/---

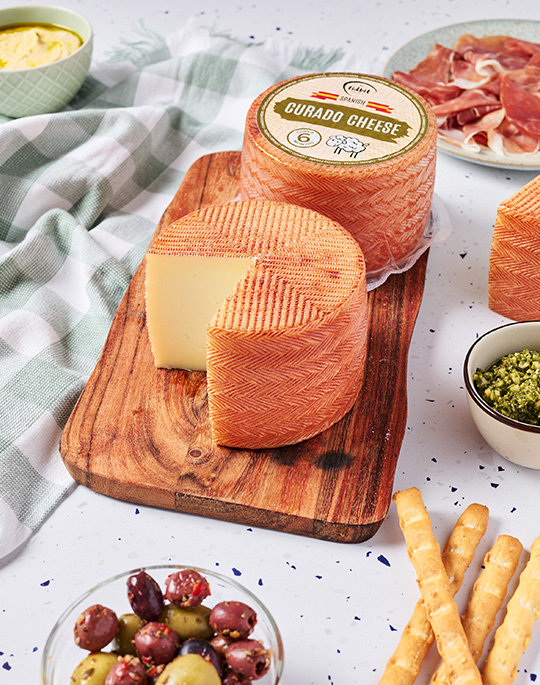 Spanish Curado Cheese 6 Months Matured Mini Wheel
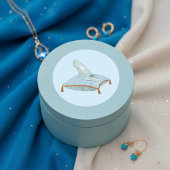 Glass Slipper Runder Aufkleber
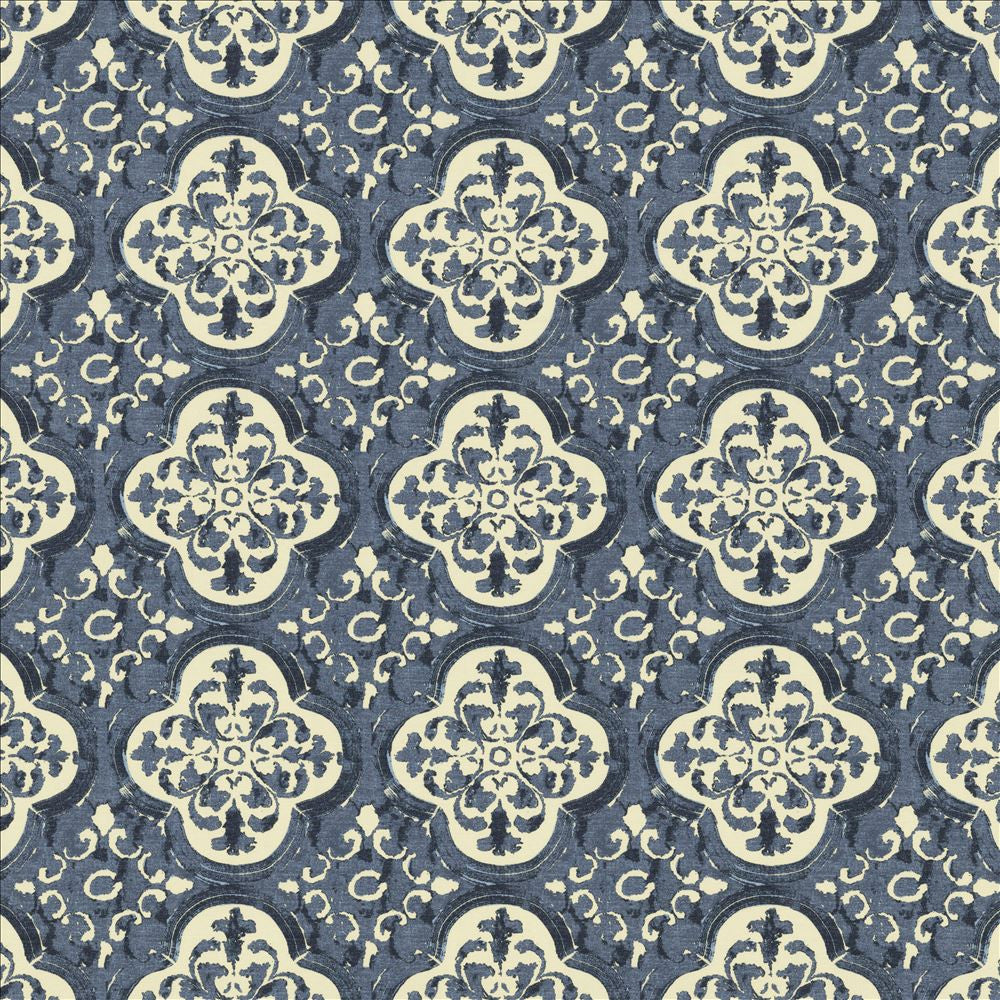 Foil Indigo by Kasmir Designer Fabric 5154 55% Linen
45% Cotton
 CHINA 15,000 Wyzenbeek Double Rubs </p><p>Repeat: Horizontal: 9 inches and Vertical: 9 inches 54 - Swanky Fabrics -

\---

» **Your objective**
Where the data includes pictures, leave them out and write out everything else exactly.

» **Exercise answer**
 Spanish Curado Cheese 6 Months Matured Mini Wheel
 Glass Slipper Runder Aufkleber
 Foil Indigo by Kasmir Designer Fabric 5154 55% Linen
45% Cotton
 CHINA 15,000 Wyzenbeek Double Rubs </p><p>Repeat: Horizontal: 9 inches and Vertical: 9 inches 54 - Swanky Fabrics -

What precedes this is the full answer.